Rush Surgeons: Radiostereometric Analysis Milestone
March 9, 2012

 

Written by Elizabeth Hofheinz, M.P.H., M.Ed. | Tue, Jan 24th, 2012 | Orthopedics This Week

Does your implant have a few too many and go awanderin’? Now there is help. Two hip and knee surgeons from Midwest Orthopaedics at Rush (MOR) are the first in the U.S. to implant all compliant patients with radiostereometric analysis (RSA) beads, something which will reveal if there is any wear or movement in the implant. It also provides the world’s first RSA registry for implants that allows scientists to collect data on materials and designs used for hip and knee replacement prostheses. The procedure was performed at Central DuPage Hospital.

“RSA will let us track relative motion of different implant materials such as metal, plastic and ceramic and provide us data about the safety and efficacy of these devices,” explained Dr. Sporer in the January 18, 2012 news release. “Although research shows that very few hip and knee replacement patients experience failure (less than 10%), now we have data to determine the success of each patient’s implant.”

“This groundbreaking RSA technology allows us to identify problematic implants before they fail and develop an individualized course of action for patients depending on the situation,” says Dr. Paprosky. “For example, if a patient complains of pain, we compare a recent RSA scan to the original scan. If we notice instability, we can intervene, by possibly performing a surgery to stabilize the implant before more complications develop.”

RSA analysis has come to fruition due to the collaboration between the physicians and Halifax Biomedical, a Canadian based biomedical company that developed the stereo radiography technology. Once the beads, or biomarkers, have been inserted into the bone, two or more pairs of stereo x-ray images are taken and sent to Halifax Biomedical. Technicians use visual assessment software to monitor the position of the biomarkers in relation to the implants. If a patient experiences pain, another x-ray of the patient’s joint is taken and compared to the original one to determine the relative motion of implants with respect to the bone. This is followed up with a detailed report showing the stability of the implant.

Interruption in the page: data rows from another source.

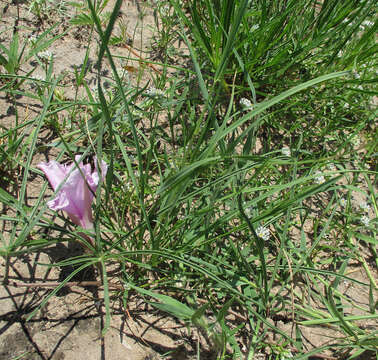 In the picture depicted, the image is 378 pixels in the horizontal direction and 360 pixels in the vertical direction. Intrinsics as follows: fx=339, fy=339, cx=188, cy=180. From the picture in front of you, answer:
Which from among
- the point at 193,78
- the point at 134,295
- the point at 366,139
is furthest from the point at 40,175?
the point at 366,139

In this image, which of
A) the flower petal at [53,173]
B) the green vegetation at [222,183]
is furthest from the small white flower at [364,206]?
the flower petal at [53,173]

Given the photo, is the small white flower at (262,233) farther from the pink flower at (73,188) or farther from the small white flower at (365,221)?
the pink flower at (73,188)

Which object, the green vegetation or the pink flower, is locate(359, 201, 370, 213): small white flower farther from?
the pink flower

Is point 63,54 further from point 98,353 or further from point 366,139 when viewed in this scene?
point 366,139

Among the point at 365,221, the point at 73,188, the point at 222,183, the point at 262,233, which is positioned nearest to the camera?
the point at 73,188

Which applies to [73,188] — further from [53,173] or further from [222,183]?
[222,183]

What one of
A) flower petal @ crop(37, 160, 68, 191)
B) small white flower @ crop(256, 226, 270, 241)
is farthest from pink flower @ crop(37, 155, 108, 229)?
small white flower @ crop(256, 226, 270, 241)

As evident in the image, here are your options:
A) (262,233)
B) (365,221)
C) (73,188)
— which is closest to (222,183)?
(262,233)

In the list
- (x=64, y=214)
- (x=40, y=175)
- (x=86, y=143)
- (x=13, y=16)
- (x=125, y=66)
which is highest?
(x=13, y=16) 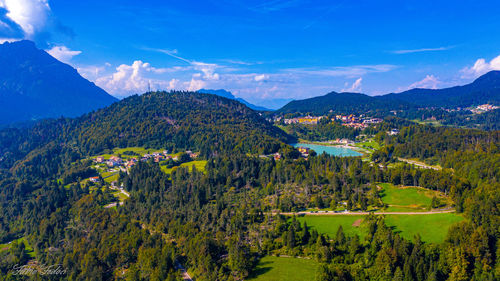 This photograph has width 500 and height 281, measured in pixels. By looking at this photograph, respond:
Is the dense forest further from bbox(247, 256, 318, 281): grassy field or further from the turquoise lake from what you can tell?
the turquoise lake

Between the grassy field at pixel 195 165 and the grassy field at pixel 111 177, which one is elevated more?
the grassy field at pixel 195 165

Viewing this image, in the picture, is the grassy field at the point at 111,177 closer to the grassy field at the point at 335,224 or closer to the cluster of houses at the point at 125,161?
the cluster of houses at the point at 125,161

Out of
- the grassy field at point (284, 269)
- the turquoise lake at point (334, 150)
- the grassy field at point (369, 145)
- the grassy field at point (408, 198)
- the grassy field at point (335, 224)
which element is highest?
the grassy field at point (369, 145)

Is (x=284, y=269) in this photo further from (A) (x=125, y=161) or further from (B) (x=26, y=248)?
(A) (x=125, y=161)

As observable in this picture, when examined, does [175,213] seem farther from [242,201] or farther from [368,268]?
[368,268]

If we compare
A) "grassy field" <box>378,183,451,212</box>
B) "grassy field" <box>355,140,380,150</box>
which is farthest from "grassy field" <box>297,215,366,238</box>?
"grassy field" <box>355,140,380,150</box>

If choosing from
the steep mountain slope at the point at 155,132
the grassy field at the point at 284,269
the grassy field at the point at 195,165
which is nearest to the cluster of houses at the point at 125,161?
the grassy field at the point at 195,165

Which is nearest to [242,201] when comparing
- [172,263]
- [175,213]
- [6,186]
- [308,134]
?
[175,213]
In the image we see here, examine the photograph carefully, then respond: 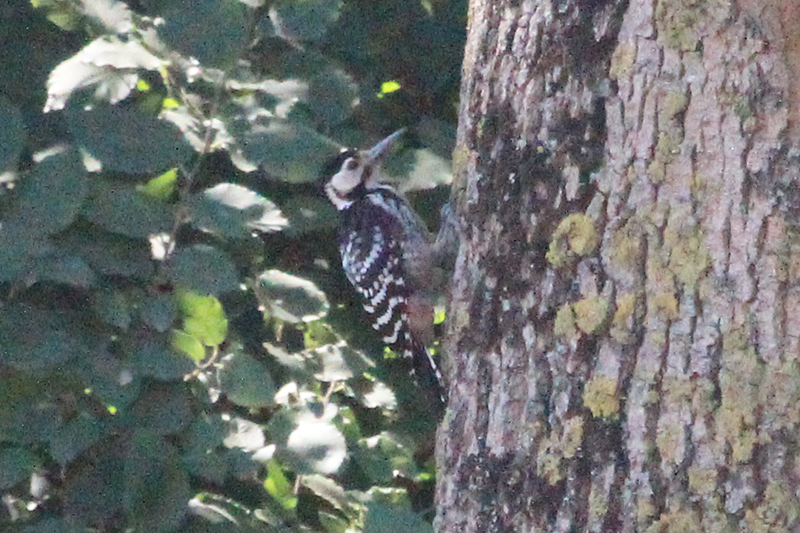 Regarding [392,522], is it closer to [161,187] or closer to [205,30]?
[161,187]

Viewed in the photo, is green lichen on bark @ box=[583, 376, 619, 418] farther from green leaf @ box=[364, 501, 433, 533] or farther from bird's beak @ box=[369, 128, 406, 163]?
bird's beak @ box=[369, 128, 406, 163]

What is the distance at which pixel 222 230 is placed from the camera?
8.14 ft

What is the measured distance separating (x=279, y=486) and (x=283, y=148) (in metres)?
0.89

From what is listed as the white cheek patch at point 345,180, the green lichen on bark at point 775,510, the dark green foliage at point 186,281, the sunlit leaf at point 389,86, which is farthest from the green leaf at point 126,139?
the green lichen on bark at point 775,510

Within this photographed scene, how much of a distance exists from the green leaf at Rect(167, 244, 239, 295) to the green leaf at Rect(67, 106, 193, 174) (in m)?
0.21

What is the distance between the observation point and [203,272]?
2.48 m

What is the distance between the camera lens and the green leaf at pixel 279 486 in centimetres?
281

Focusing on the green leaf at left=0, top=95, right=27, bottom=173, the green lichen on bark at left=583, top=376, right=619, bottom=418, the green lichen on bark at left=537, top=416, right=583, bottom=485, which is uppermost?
the green leaf at left=0, top=95, right=27, bottom=173

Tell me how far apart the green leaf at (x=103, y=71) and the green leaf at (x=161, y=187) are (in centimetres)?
20

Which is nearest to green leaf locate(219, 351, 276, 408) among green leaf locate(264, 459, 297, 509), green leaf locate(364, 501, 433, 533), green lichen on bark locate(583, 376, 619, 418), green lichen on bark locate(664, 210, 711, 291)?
green leaf locate(264, 459, 297, 509)

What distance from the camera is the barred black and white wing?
3.16 metres

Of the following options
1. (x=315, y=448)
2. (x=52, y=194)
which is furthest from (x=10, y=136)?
(x=315, y=448)

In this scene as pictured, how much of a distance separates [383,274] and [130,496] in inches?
57.7

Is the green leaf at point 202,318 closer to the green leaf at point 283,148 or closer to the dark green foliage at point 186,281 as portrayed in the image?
the dark green foliage at point 186,281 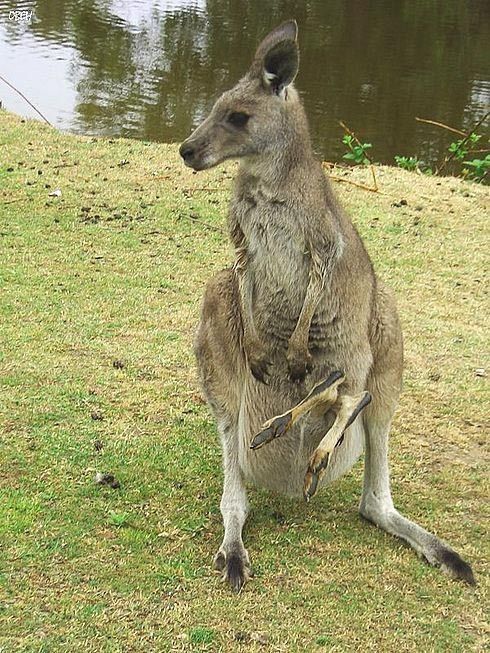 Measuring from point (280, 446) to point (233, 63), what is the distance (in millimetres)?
13131

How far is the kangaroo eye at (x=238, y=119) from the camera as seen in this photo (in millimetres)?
2900

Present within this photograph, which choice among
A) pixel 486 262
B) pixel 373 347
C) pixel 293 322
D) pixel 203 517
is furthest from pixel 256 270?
pixel 486 262

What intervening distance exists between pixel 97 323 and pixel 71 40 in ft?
39.4

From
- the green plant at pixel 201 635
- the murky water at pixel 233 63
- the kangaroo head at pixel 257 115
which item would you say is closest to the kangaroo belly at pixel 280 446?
the green plant at pixel 201 635

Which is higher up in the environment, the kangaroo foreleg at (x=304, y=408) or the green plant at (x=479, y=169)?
the kangaroo foreleg at (x=304, y=408)

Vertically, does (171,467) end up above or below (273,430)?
below

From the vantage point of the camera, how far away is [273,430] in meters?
2.87

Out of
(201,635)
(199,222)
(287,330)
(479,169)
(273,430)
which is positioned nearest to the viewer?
(201,635)

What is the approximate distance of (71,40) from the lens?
15.6 m

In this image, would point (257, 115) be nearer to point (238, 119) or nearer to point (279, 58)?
point (238, 119)

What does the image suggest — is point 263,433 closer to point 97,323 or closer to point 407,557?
point 407,557

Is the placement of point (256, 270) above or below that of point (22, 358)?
above

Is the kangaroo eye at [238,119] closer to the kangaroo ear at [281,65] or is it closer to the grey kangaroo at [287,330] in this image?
the grey kangaroo at [287,330]

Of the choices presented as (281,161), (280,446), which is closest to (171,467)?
(280,446) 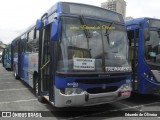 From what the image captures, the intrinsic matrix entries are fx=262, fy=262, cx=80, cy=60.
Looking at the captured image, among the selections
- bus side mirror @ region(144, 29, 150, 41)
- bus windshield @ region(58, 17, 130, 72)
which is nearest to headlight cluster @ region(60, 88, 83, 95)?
bus windshield @ region(58, 17, 130, 72)

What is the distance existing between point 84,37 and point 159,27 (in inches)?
150

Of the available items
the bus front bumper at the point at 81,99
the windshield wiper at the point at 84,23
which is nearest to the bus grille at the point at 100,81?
the bus front bumper at the point at 81,99

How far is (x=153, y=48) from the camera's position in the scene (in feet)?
31.1

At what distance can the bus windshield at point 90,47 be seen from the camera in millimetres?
6914

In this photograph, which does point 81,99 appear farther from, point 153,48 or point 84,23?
point 153,48

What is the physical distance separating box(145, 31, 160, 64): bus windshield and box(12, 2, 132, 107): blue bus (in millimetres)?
1713

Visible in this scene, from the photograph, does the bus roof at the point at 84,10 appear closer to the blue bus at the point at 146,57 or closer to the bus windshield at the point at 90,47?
the bus windshield at the point at 90,47

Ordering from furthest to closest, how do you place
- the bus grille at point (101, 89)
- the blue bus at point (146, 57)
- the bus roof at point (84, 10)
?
the blue bus at point (146, 57) < the bus roof at point (84, 10) < the bus grille at point (101, 89)

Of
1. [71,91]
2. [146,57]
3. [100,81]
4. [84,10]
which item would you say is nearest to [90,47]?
[100,81]

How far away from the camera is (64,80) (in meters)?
6.80

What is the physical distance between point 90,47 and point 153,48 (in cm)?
330

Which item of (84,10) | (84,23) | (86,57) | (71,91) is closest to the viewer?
(71,91)

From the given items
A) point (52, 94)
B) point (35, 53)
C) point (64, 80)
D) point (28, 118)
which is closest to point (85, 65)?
point (64, 80)

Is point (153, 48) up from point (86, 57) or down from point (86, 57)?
up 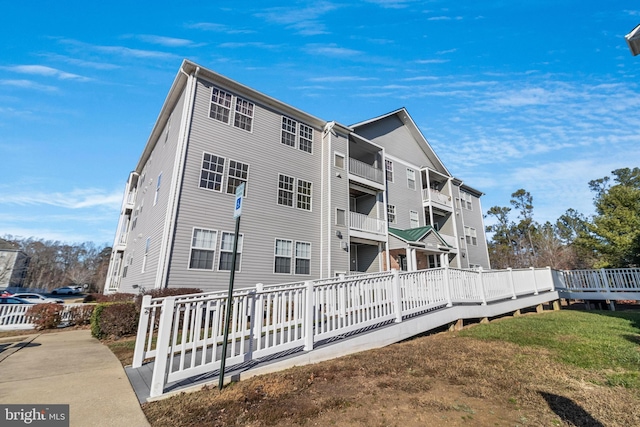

Dr. Sporer told OTW, “RSA is an extremely accurate technique to assess component stability following total hip and knee replacement. The ability to utilize this technology on all patients, rather than a select subset of patients enrolled in a clinical trial, will allow the early detection of problematic implants and may provide diagnostic information among symptomatic postsurgical patients. It is the hope that the development of the first RSA registry within the U.S. will lead to improved patient outcomes, minimize the need for revision surgery and ultimately reduce the costs associated with arthroplasty surgery.”